Carrick quotes other respected Reformed theologians on the matter who appear to share his concerns about EW-RHP—men like Jay Adams, Hendrik Krabbendam, John R. de Witt, John Frame, and J. Douma. More importantly, Carrick shows that the Apostle Paul used historical examples as the basis for exhorting his hearers (citing 1 Cor 10.1-14), a classic concern of the RH school. Exhorting from example is also found in Hebrews, as P. E. Hughes (Visiting Professor of New Testament at WTS) noted in his excellent commentary:

The simplest sense [of 11.4] remains the best sense, namely, that Abel by his example of faith and righteousness still speaks to us today, even though he has so long been dead. The spectacle of his trustful integrity, even in the face of violence, should inspire us to persevere and to overcome by the same means. His was certainly an example that the faltering readers of this epistle were in need of emulating (123).

Carrick also enlists Dr. Richard Gaffin, who is himself “unashamedly a passionate exponent of biblical theology” (144-145), for the cause of applicatory preaching by citing his observation that James 5.16b-18 uses Elijah’s example of prayer in 1 Kings 18, an “incidental aspect” and “quite subordinate point” in the OT passage, to make a primary point of application for New Testament believers. Then Carrick raises a provocative question. “Does the RH school regard James’ reference to Elijah as atomistic and moralistic, or not? If it does, then clearly it is claiming to be wiser than the inspired authors of the Word of God itself; and if it does not, then it is conceding the very point at issue in the original controversy. One of the major problems [if true, an understatement!—DSM] with the charge made by some within the redemptive-historical school . . . is that this charge actually recoils upon James himself— it recoils upon the Holy Scriptures of God” (127-128). Even though this statement is in the middle of the book, I got the impression that Carrick considered it something of a climax comparable to checkmate, the burr under his saddle from which he sought relief, the book’s raison d’être. Christ Himself (128) exhorts tersely from an OT historical example when He urged us to “remember Lot’s wife” (Luke 17.32).

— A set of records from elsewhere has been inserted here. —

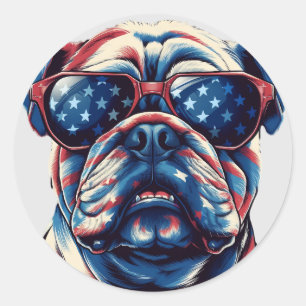 Patriotischer Amerikanischer Bulldogge Runder Aufkleber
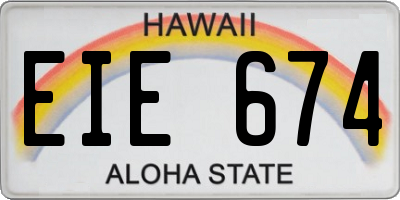 HI license plate EIE674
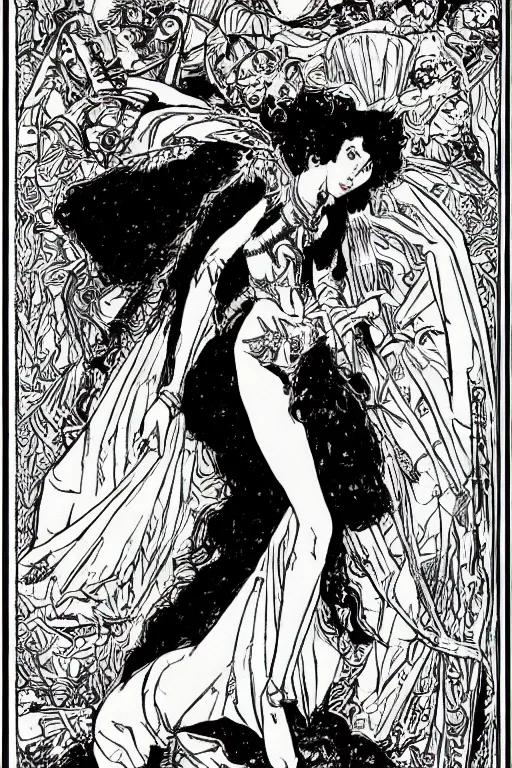 Prompt: the goblin queen by ambrose beardsley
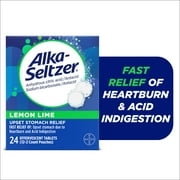Alka-Seltzer Lemon Lime Heartburn Relief tablets, Fast Acid Indigestion Relief, 24 Ct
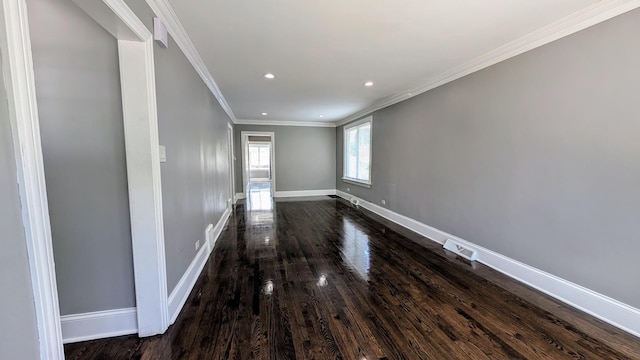 5937 W Eastwood Ave, Chicago, IL 60630 - unfurnished room featuring dark wood finished floors, recessed lighting, and ornamental molding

Thus, “Holy Scripture leads the way” for our method of preaching (quoting Huyser, a proponent of the exemplary approach in the original controversy in the Netherlands, 123).

The exclamation point for the exemplary imperative comes from the NT’s appeal to Christ as the believer’s great Example to follow. This comes out in His charge to the disciples when He washed their feet (John 13.15), and in Peter’s counsel to suffering Christians (1 Pet 2.21, 23-24). Christ is both our Savior and our Example, and so we must hold to Him in both His roles. The RH school in some instances has been paranoid about the exemplary approach because of its historical association with “liberal theology and its naïve Pelagianism,” but such heresy is not intrinsic to it.

Without embracing the exemplary imperative, we have no satisfactory explanation for passages like Hebrews 11, 1 Corinthians 10, James 5, and Luke 17. Homiletical Christocentricity is a good thing, but EW-RHP has degenerated to Christomonism. [Monism is a theory or doctrine that denies the existence of a distinction or duality in some sphere; here, Christ as gracious Savior and moral Example.]

Scripture joins the concepts of example and imperative. The letter of any particular example is generally in the indicative, but the spirit of it is always in the imperative, with an implied, “Go and do likewise!” for the positive examples, and a tacit warning with the negative ones. Therefore, we should not be surprised that when RHP is uncomfortable with the imperative in preaching, it is also skittish about using examples, as illustrated in the defective preaching of Klaas Schilder, an early RHP advocate.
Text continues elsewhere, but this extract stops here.